If you have ever gone apple-picking in the fall, then you know that early September beats late October. It’s the difference between plucking low-hanging fruit (literally) and having a kid stand on your shoulders, long pole in hand, poking the tree tops, causing the few worm-ridden apples remaining to fall on your miserable noggin. One year, we went so late in the season that when the charming horsedrawn haywagon dropped us off among the trees, we were greeted by the site of bins full of store-bought apples waiting to be  “picked.”

Figure 2. Little things add up. An example of a floor brush kit that can help minimize leakage at cut outs.

In the data center environment, there are equivalents to this apple harvest timing challenge. There are numerous no-cost, low-cost, simple steps that you can take today to tune up a data center. Plug some leaks here, move a temperature sensor there, and before you know it, you have increased operating efficiencies and lowered operating costs while simultaneously looking smart and thrifty. All while avoiding the weight on your shoulders and the inevitable headaches that come with procrastinating in your own orchard of technology.

A GOOD TIME AT UPTIME

I was fortunate enough to attend the Uptime Institute Symposium held in Santa Clara, CA in May of this year. I knew the speakers list beforehand (Google, Facebook, Microsoft, AOL, et al.) so I was not surprised by the numerous presentations on airside economization (good thing), expanded ambient conditions in data centers (good thing), and nifty modular design concepts (I’m still looking for the value proposition for the average data center operator).
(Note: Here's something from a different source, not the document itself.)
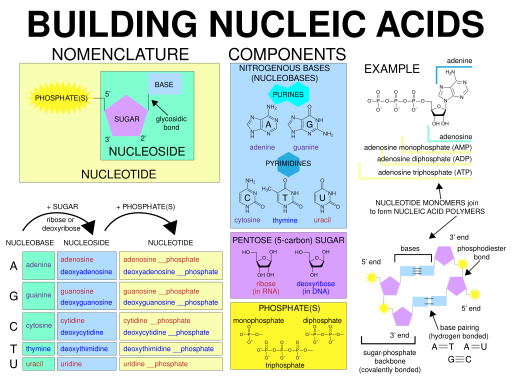 File:Building nucleic acids SVG.svg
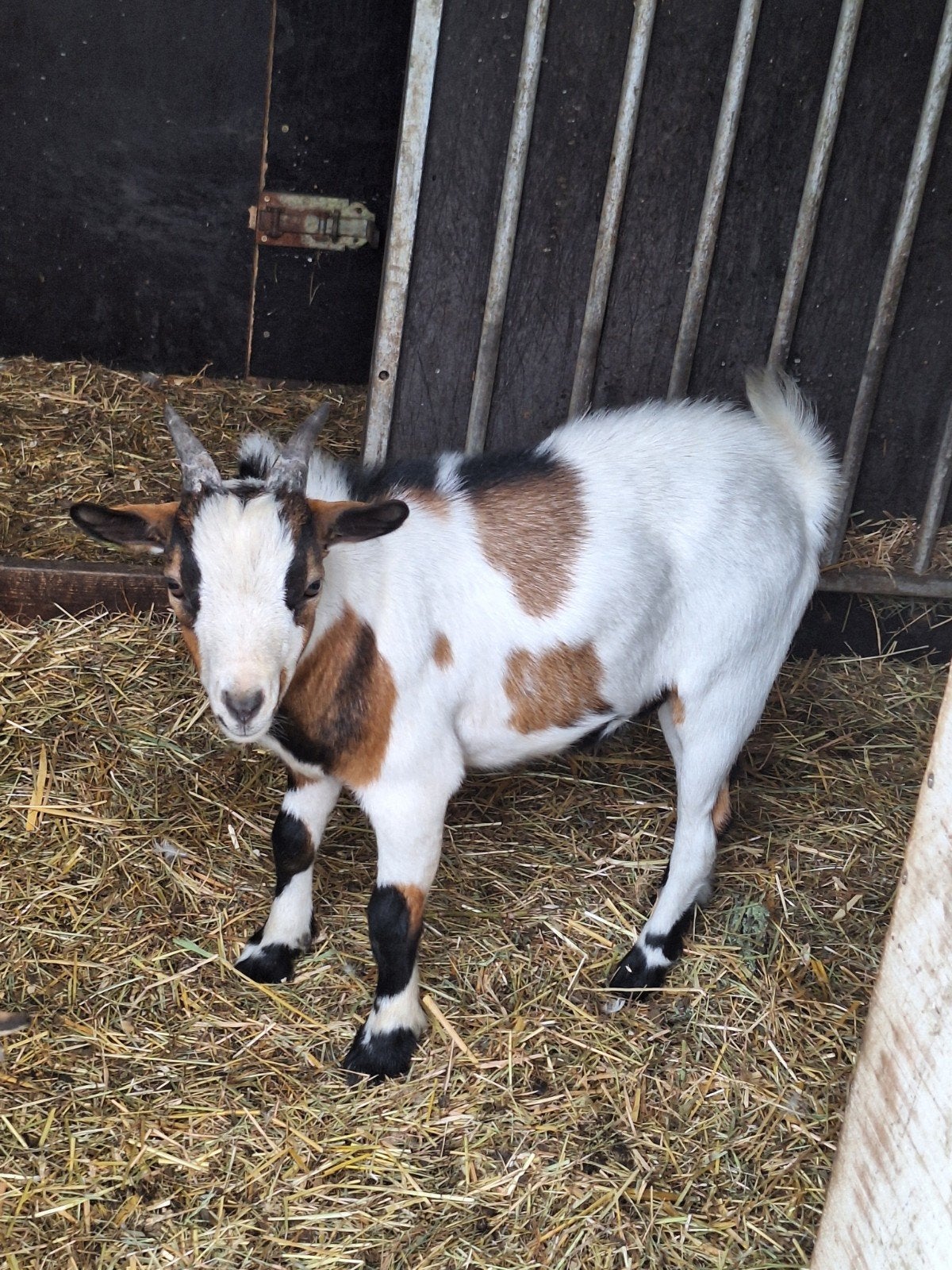 dwerggeit bokje, Dieren en Toebehoren, Mannelijk, Geit, 0 tot 2 jaar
But what frankly surprised … nay … dare I say, delighted me was the number of presentations on good common sense steps that John Q. Datacenter could easily understand and apply in existing environments.

So much is written about new data centers and new data center concepts, be they Coops, PACs, or Pods, that when someone comes down from the mountaintop and actually reaches out to the simple operators of legacy data centers, it can be startling. But it shouldn’t be. Because anyone who knows anything about the big guys knows that they have their fair share of legacy data centers, too. 

Figure 3. Adding blanking panels can keep expensive cold air from bypassing gear.

Consequently, if Google, as an example, is really serious about reducing energy usage across the board, then they have to take every square foot seriously. So that includes that 10,000-sq-ft raised-floor computer room in Cleveland, landlocked in the basement of Building 201, just as much as the headline-grabbing seawater-cooled jewel in fancy Finland. (For the record, I have no idea if Google has properties in Ohio, and I live in St. Louis, so who am I to cast aspersions at Cleveland … but hopefully you get my point.)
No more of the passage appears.